Problem
Return the listing exactly as it appears, but strip out the images.

Raw data

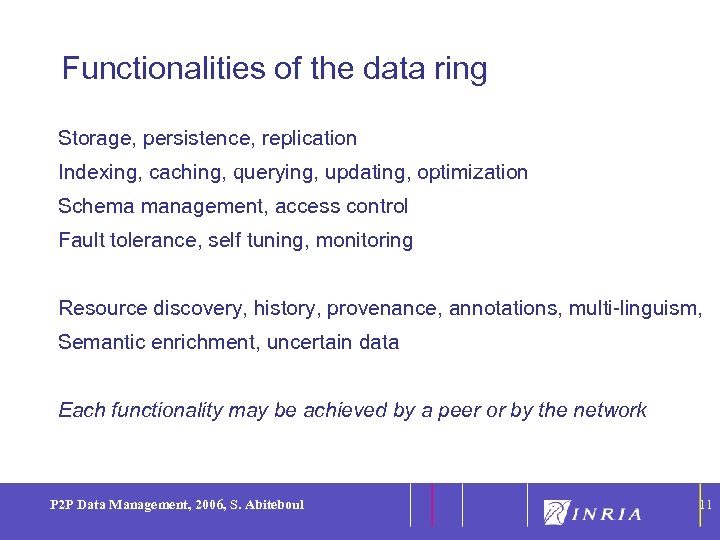 11 Functionalities of the data ring Storage, persistence, replication Indexing, caching, querying, updating, optimization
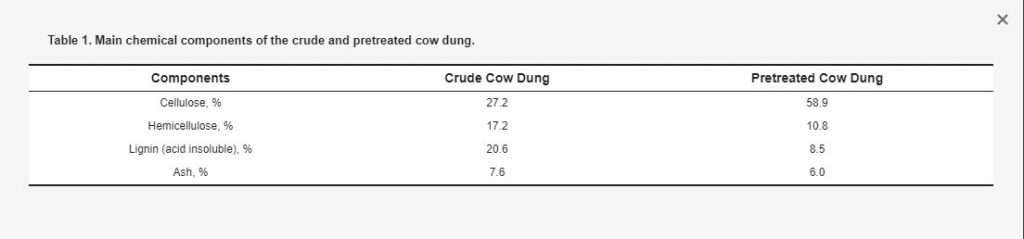 chemical-composition-of-cow-dung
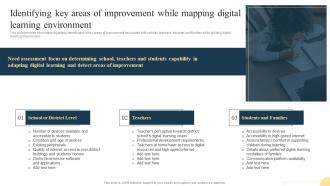 Playbook For Teaching And Learning Identifying Key Areas Of Improvement While Mapping Digital Learning Environment
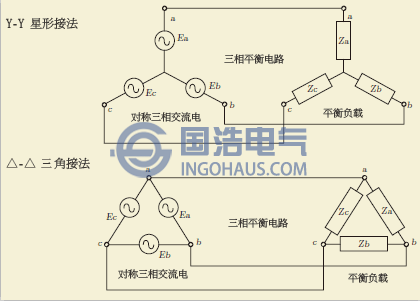 三相不平衡的概念，危害及解決方法（二）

Answer section
 11 Functionalities of the data ring Storage, persistence, replication Indexing, caching, querying, updating, optimization
 chemical-composition-of-cow-dung
 Playbook For Teaching And Learning Identifying Key Areas Of Improvement While Mapping Digital Learning Environment
 三相不平衡的概念，危害及解決方法（二）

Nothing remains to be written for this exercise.